Spelling Correction

· November 1, 2009

Peter Norvig’s spelling corrector is an interesting example of using some statistical techniques for the very practical purpose of spelling correction, inspired by a conversation on the Google ‘Did You Mean’ spelling suggestion functionality. There’s an excellent explanation of the background in his article, so I’ll skim over the ideas and how you might implement them in PHP.

Norvig’s solution is to determine the most likely spelling correction by collecting statistics on a a sample of the language. This starts with big file of text he has collected from the Sherlock Holmes books among other places, which you can get from his site as big.txt. This is the corpus from which we will extract our list of ‘known’ words, and how frequently different words appear. We store each word in an array along with it’s frequency count.

<?php
function train($file = 'big.txt') {
        $contents = file_get_contents($file);
        // get all strings of word letters
        preg_match_all('/\w+/', $contents, $matches);
        unset($contents);
        $dictionary = array();
        foreach($matches[0] as $word) {
                $word = strtolower($word);
                if(!isset($dictionary[$word])) {
                        $dictionary[$word] = 0;
                }
                $dictionary[$word] += 1;
        } 
        unset($matches);
        return $dictionary;
}
?>

After running that function we have an array of words to word counts. We can work on the basis that a word that is more common is more likely to be a correction than a word that is less common. Of course, we need something else because we don’t just want to just correct everything to the most common word, so we consider the edit distance between two words.

This is just a count of the number of letters than need to be inserted, deleted, modified, or moved around within one word to turn it into a second word. One way of defining this is referred to as the Levenshtein distance, for which there is a convenient PHP function. In our case we will be using this to see how many edits are needed to turn the supplied word into a given word from the corpus.

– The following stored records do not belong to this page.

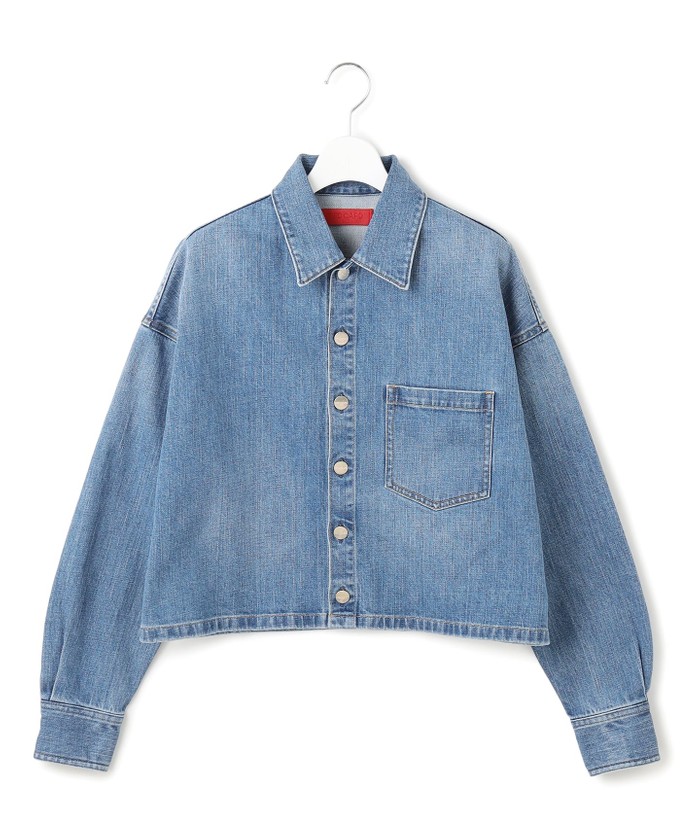【23AW NEW】FERRAGAMO_woman / デニム ジャケット / Blue 23AW NEW】FERRAGAMO_man / デニム ジャケット / Blue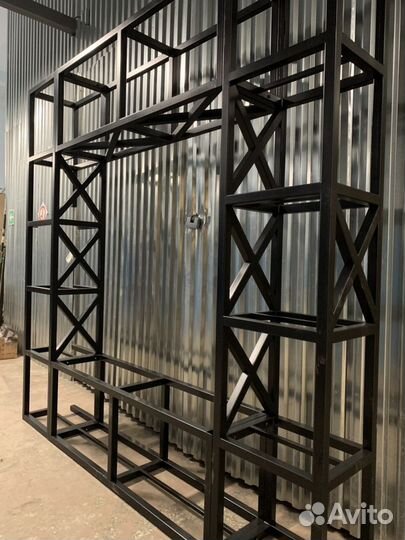 Дровница лофт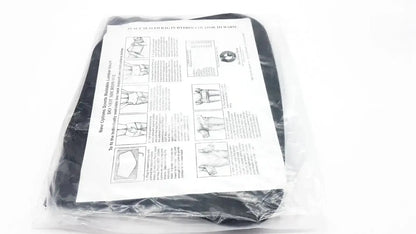 Black fabric laundry bag with printed care instructions in clear packaging for val5n large lumbosacral orthosis sacral orthosis val5n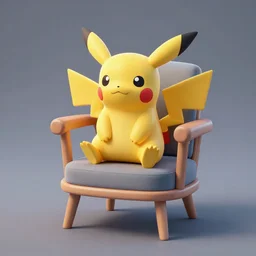 a new pokemon resembling a chair, 3 d octane, unreal engine 5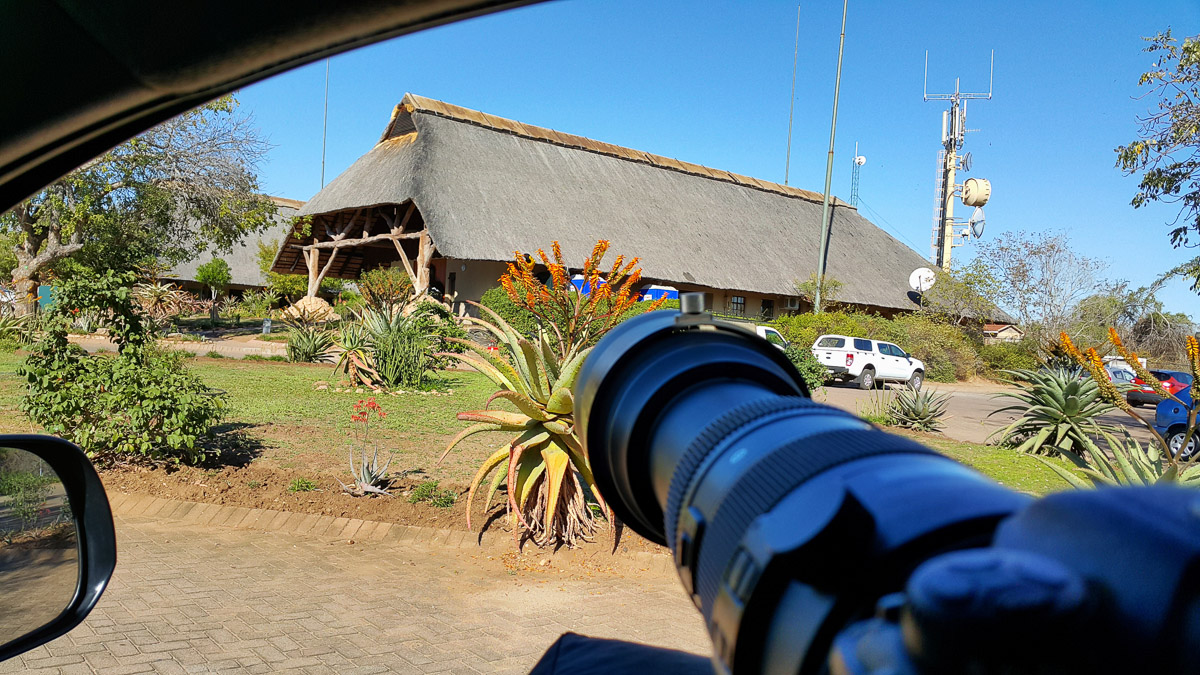 Main area in Skukuza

Norvig’s method is to consider words with an edit distance of 1 or 2, but to assume words of edit distance 1 are infinitely more likely to be right than words of distance 2. To support this we calculate the edit distance of every word and only keep those that are 1 or 2 away, but then only considering the distance 2 words if there are no distance 1 words available.

<?php
function correct($word, $dictionary) {
        $word = strtolower($word);
        if(isset($dictionary[$word])) {
                return $word;
        }

        $edits1 = $edits2 = array();
        foreach($dictionary as $dictWord => $count) {
                $dist = levenshtein($word, $dictWord); 
                if($dist == 1) {
                        $edits1[$dictWord] = $count;
                } else if($dist == 2) {
                        $edits2[$dictWord] = $count;
                }
        }

        if(count($edits1)) {
                arsort($edits1);
                return key($edits1);
        } else if(count($edits2)) {
                arsort($edits2);
                return key($edits2);
        }

        // Nothing better
        return $word;
}
?>

This seems like a pretty good function, and querying doesn’t take that long (despite pretty much having to loop through all the words seen). We can use the test words in the original article to evaluate the effectiveness - it’s just a replace of : to => and a change of the brackets to turn the python list into a PHP array. We can use that with a simple test function which loops through the words and checks what the correction function comes back with:

<?php 
// Snippit rather than all the items. 'correct' => 'wrong wrong wrong' 
$test = ( 'access' => 'acess', 'accessing' => 'accesing', 'accommodation' =>
    'accomodation acommodation acomodation', 'account' => 'acount');
$good = $bad = 0;

foreach($test as $word => $wrongs) {
        $wrongs = explode(' ', $wrongs); 
        foreach($wrongs as $wrong) {
                if($word == correct($wrong, $dict)) {
                        $good++;
                } else {
                        $bad++;
                }
        }
}
echo "Good: $good\n";
echo "Bad: $bad\n";
echo "Percent: " . round(($good / ($good+$bad)) * 100) . "%\n"
?>

On the 270 test words, our accuracy is 71% with this code, which is slightly worse than Norvig’s code at 74%. That may be due to differences in the tokenisation, or ordering of terms with the same frequency count. It runs If the dictionary was precaculated though, then a case of reading it in and performing the corrections could be a very quick task, making a local implementation of a spelling corrector pretty straightforward.

UPDATE: If you’re interested in improving the accuracy further, check out Vincenzo’s blog post on using soundex as part of the corrector.